-- Data block follows --
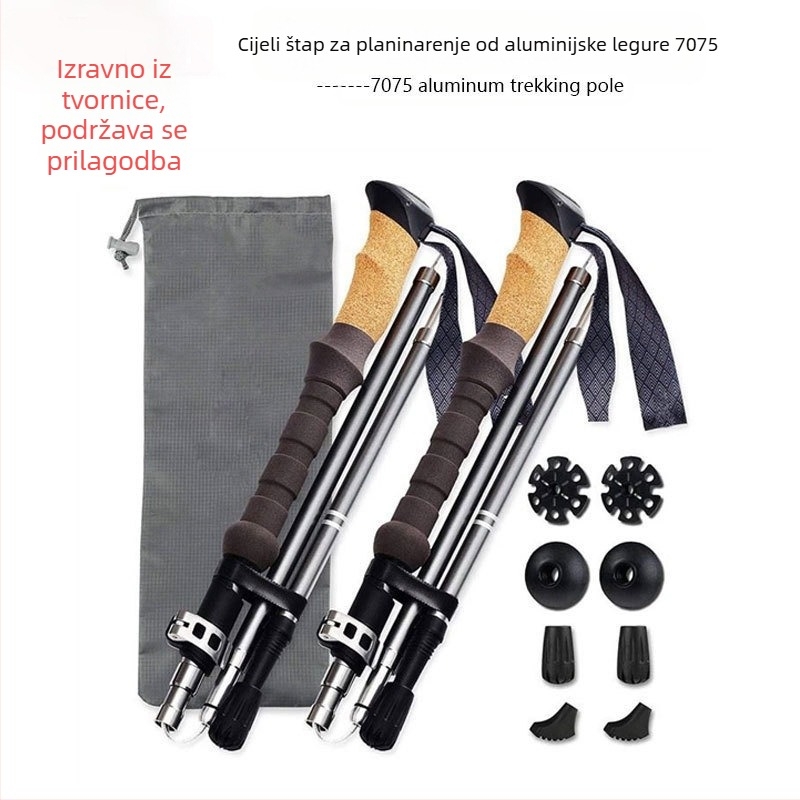 Štapovi za planinarenje od aluminijske legure 7075, štapovi za hodanje po zemlji s vanjskim zaključavanjem, putni, vanjski, sklopivi štapovi za planinarenje s pet dijelova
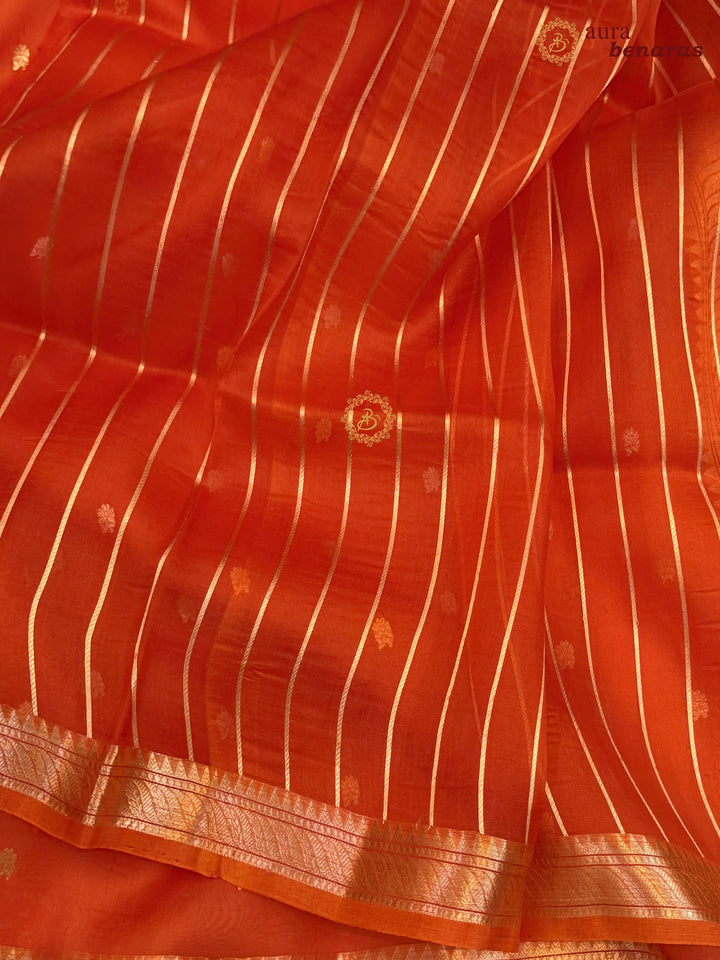 Pure Orange Kora Silk Banarasi Saree with Kadhwa Flower Butas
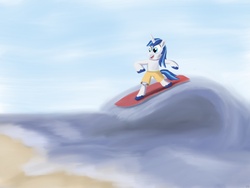 Size: 2048x1536 | Tagged: safe, artist:werdkcub, shining armor, g4, clothes, male, solo, surfing, swimsuit, topless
-- Data block concluded --
What you have to do :: The expected result is the complete listing above, printed exactly, with no pictures.

Answer to this exercise ::
 Štapovi za planinarenje od aluminijske legure 7075, štapovi za hodanje po zemlji s vanjskim zaključavanjem, putni, vanjski, sklopivi štapovi za planinarenje s pet dijelova
 Pure Orange Kora Silk Banarasi Saree with Kadhwa Flower Butas
 Size: 2048x1536 | Tagged: safe, artist:werdkcub, shining armor, g4, clothes, male, solo, surfing, swimsuit, topless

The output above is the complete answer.